Stepper Motor
Stepper Motor - Hybrid (cont.): Conventional hybrid stepper motors are rarely used in closed-loop systems because torque falls rapidly as current increases above the peak torque point -- putting them outside typical control limits. The stepper motor's torque also decreases as speed rises. If driven too fast, hybrids lose position accuracy by skipping steps.
A stepper motor's peak torque is limited by the flux level that saturates the rotor and stator teeth. But an enhanced stepper motor is now available that reduces saturation effects and produces 50 to 100% more torque than conventional stepper motors for the same input power.
Both conventional and enhanced stepper motors develop maximum torque when the rotor teeth are offset by one-quarter tooth pitch from opposing poles in the energized phase. The stepper motor pole pairs develop appreciable torque even at zero current. Torque increases as current approaches the rated value.
At or near rated current in conventional stepper motors, a larger part of the air-gap flux traverses the gap from stator slot to rotor slot rather than from tooth to tooth, thus producing less torque.

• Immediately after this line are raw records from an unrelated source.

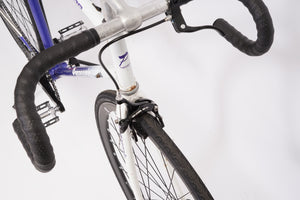 Panasonic DX-3500 - Fixed gear / Single-speed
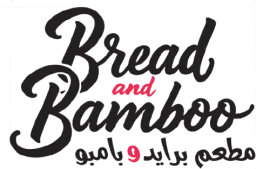 Bread and Bamboo
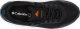 Buty trekkingowe męskie Columbia Columbia Trailstorm Ascend WP 2100791010 Czarne 43 3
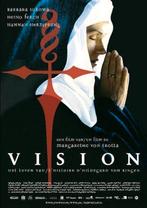 Vision [3180], Alle leeftijden, Ophalen of Verzenden, Zo goed als nieuw, Duitsland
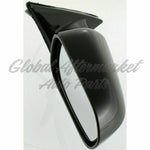 DOOR MIRROR RH POWER W/FOLDING — photo 5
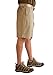 Mountain Khakis Men's Teton Twill Short Relaxed Fit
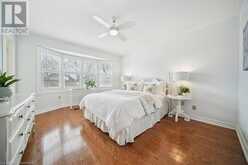 2057 HADFIELD Court Burlington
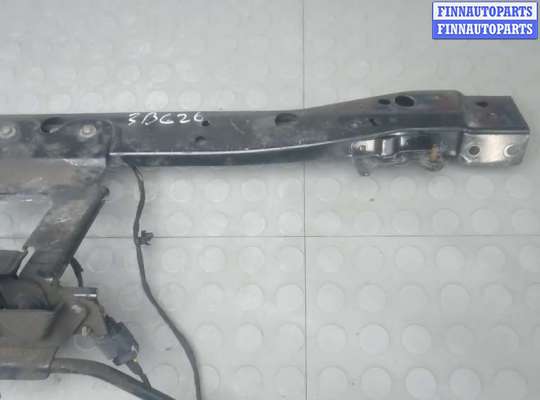 купить передняя панель крепления облицовки (телевизор) на OPEL INSIGNIA 2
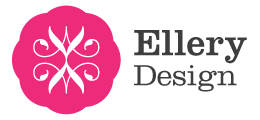Ellery Design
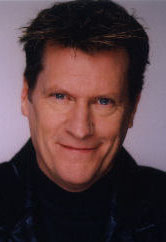 Radio Icon Rob Christie calls it a day…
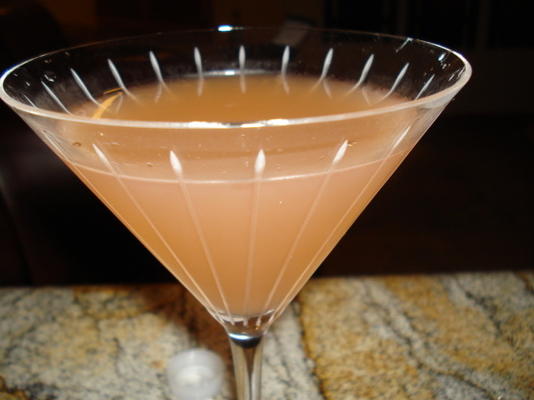 maskerade cocktail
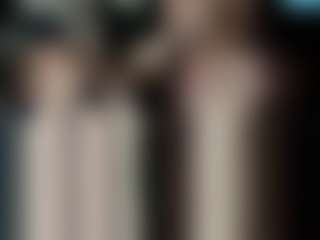 Balearicsex11's Live Sex Cam Show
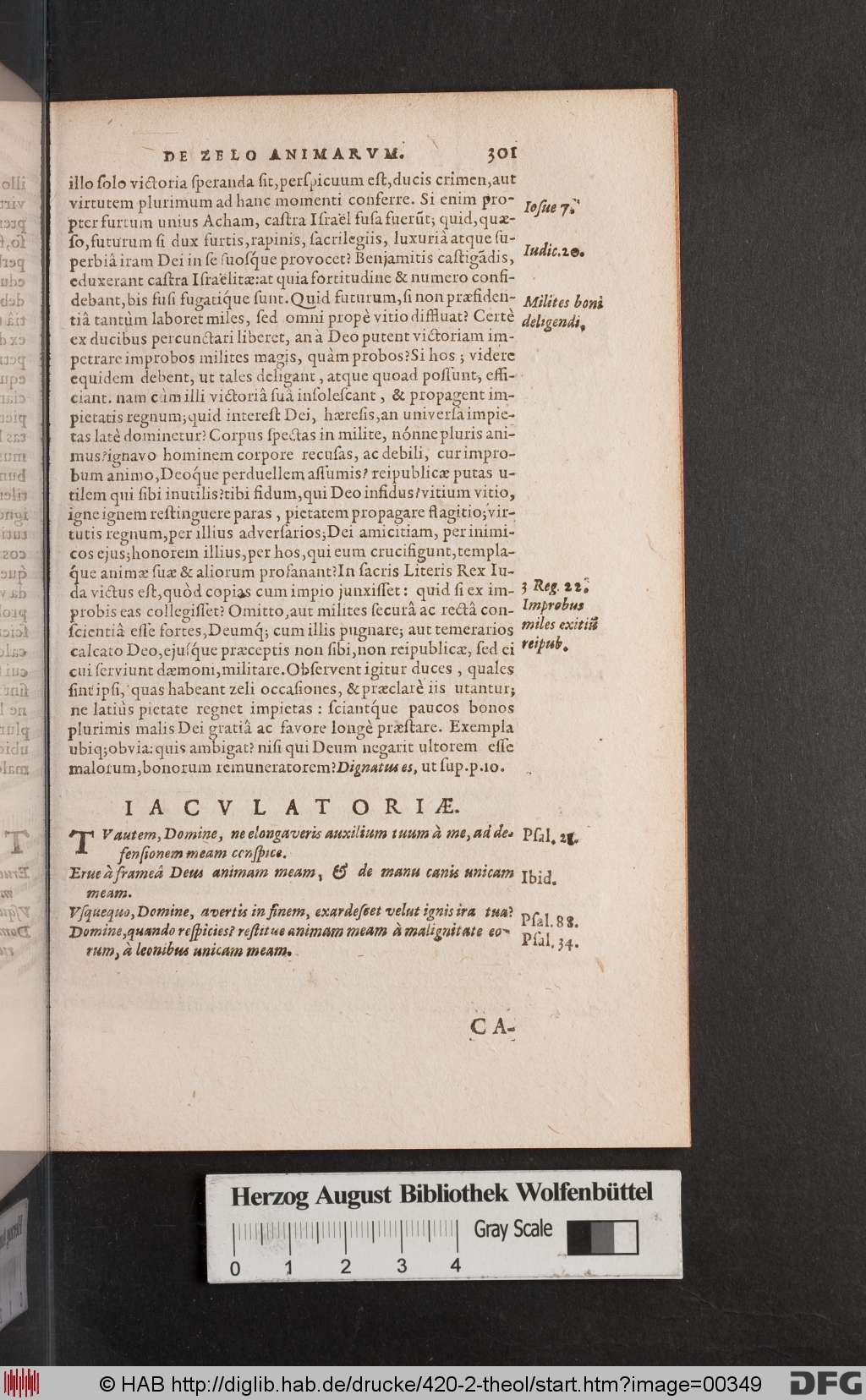 http://diglib.hab.de/drucke/420-2-theol/00349.jpg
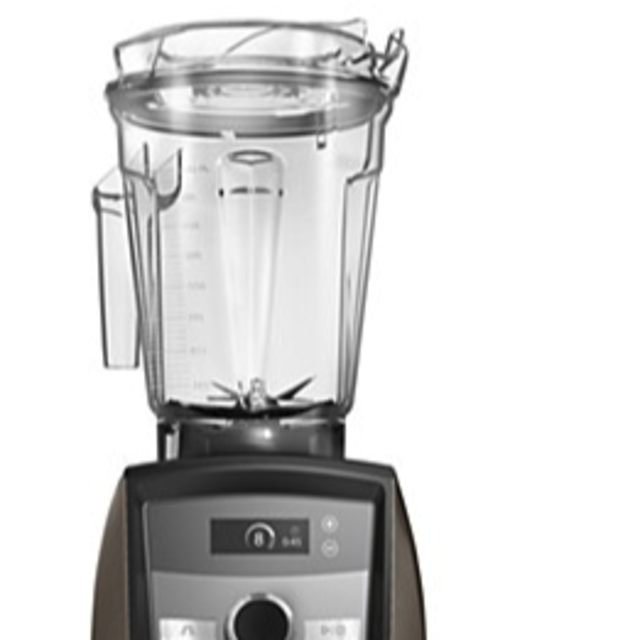 Vitamix Ascent A3300 Blender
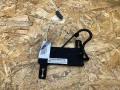 датчик присутствия пассажира BMW X5 F15 2014, 2.0 л., дизель, АКПП, внедорожник 5 дв., полный привод, правый руль, 9304007, 65779304007 - фото №2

The enhanced stepper motor uses a relatively new stator design to get around this problem. Here, samarium-cobalt or neodymium-iron-boron magnets are embedded in slots between the teeth. More concentrated flux lines result between the stepper motor's rotor and stator teeth with fewer flux lines lost to the slotted air gap. These new slot magnets focus the air-gap flux, reduce leakage, and allow the stepper motor to produce more torque.
Torque is also produced by a second pair of poles of the same phase placed 180° away from each other, and 90° away from the first pair. The second pole pair of the conventional stepper motor produces a torque that opposes the positive-acting pair. This negative torque is large at low currents but diminishes near rated current.

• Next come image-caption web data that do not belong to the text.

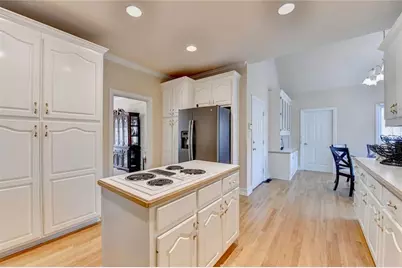 940 Winnbrook Drive, Dacula, GA 30019 - Photo 43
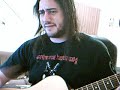 guitar tuning tips / how to stay in tune longer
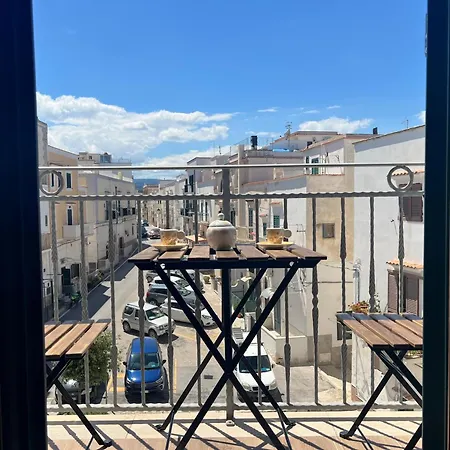 North Wind Luxury فيستَ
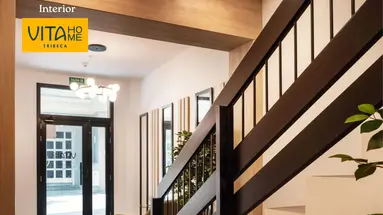 Vita Home Lanzarote I Deluxe Apartments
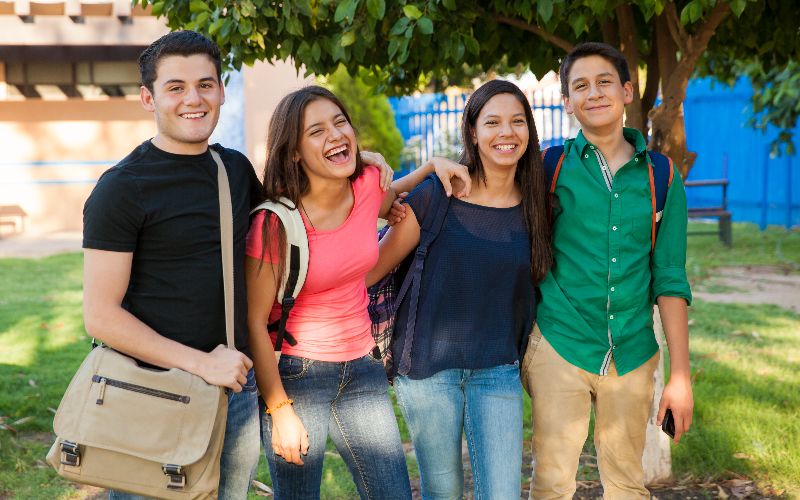 clases particulares bachillerato valladolid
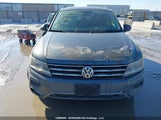 Volkswagen Tiguan Se/Sel 3VV2B7AX4JM168697 fotografie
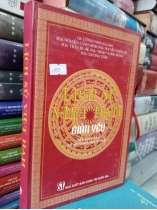 LỊCH SỬ VIỆT NAM GIẢN YẾU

Enhanced stepper motors also have large negative torques at low current. But positive-acting flux from the permanent magnets in the stator overcomes the small negative torque generated at rated current. The resulting torque then aids the pole pair producing the primary positive torque.
The slot magnets in enhanced stepper motors provide peak torques reaching twice that of conventional stepper motors. Moreover, these stepper motors can handle three times rated current compared to only two times for conventional stepper motors. Depending upon the inertial load, these new stepper motors reach speeds of 5,000 to 10,000 steps/sec. Corresponding torques are 200 oz-in. to 3,100 oz-in. in 2 to 4-in.-diameter packages. Hybrid stepper motors also generally have high inertia (30 to 40,000 gm-cm2), small step angles (0.5 to 15°) and high accuracy (± 3%).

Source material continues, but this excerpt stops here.